A number of companies operated by AXIS Capital Holdings are seeking re-insurance through the catastrophe bond market.
They are the ceding insurers in a cat bond deal that one market source familiar with the transaction said should come in near $200 million.
Standard & Poor’s has given the deal a preliminary rating of ‘BB-(sf).’ The expected maturity is three years.
With Aon Benfield Securities as the sole bookrunner, the transaction is being issued through a vehicle called Northshore Re.
The bond covers losses in defined geographic area from natural disasters such as hurricanes or earthquake, as identified by the property claims services (PCS) division of Insurance Services Office.
The rating basically reflects that chance that an event takes place and triggers losses. The probability is determined based on models drawn up by AIR Worldwide Corp (AIR).
The deal might not fully repay investors if a trigger is tripped. The triggers are based on modified PCS index-based industry losses, as opposed to indemnities. The latter tend to have a lower threshold and would therefore carry more risk for bondholders.

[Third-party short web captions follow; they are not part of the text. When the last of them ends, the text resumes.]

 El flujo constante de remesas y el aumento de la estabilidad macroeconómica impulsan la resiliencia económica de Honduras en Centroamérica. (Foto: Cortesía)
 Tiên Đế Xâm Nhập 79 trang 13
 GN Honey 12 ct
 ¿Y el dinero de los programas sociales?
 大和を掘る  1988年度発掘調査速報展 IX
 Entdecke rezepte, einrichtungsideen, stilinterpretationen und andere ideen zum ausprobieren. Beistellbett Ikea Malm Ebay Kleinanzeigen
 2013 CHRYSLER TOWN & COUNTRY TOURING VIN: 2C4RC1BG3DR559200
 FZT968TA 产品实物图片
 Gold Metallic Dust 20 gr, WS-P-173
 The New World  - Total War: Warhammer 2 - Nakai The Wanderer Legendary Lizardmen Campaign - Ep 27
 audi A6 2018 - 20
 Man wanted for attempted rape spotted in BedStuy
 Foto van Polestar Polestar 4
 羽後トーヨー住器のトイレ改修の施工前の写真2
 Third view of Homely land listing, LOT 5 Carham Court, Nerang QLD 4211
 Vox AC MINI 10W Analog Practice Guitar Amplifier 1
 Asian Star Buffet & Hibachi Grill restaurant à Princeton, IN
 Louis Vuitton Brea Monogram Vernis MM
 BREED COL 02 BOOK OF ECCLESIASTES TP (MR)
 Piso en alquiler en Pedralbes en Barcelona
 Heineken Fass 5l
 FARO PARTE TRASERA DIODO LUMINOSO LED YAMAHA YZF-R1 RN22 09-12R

On the other hand, S&P pointed out that, notwithstanding AIR’s deep database, information on industry losses is not as strong as in some indemnity deals in which the ceding insurance company has good data on all its exposures.
The agency noted that AXIS has “a high risk position primarily due to the potential volatility in its capital and earnings arising from its substantial exposure to property catastrophe and terrorism risks.”
The bond covers losses from hurricanes in over 30 states, including Hawaii, as well as losses from earthquakes in all 50 states and the District of Columbia.
Cat bonds entered the mainstream consciousness a few weeks ago when New York's Metropolitan Transportation Authority announced it was doing a deal. That transaction was upsized to $200 million from $125 million and priced at 450 basis points over Money Market Treasury Fund earnings.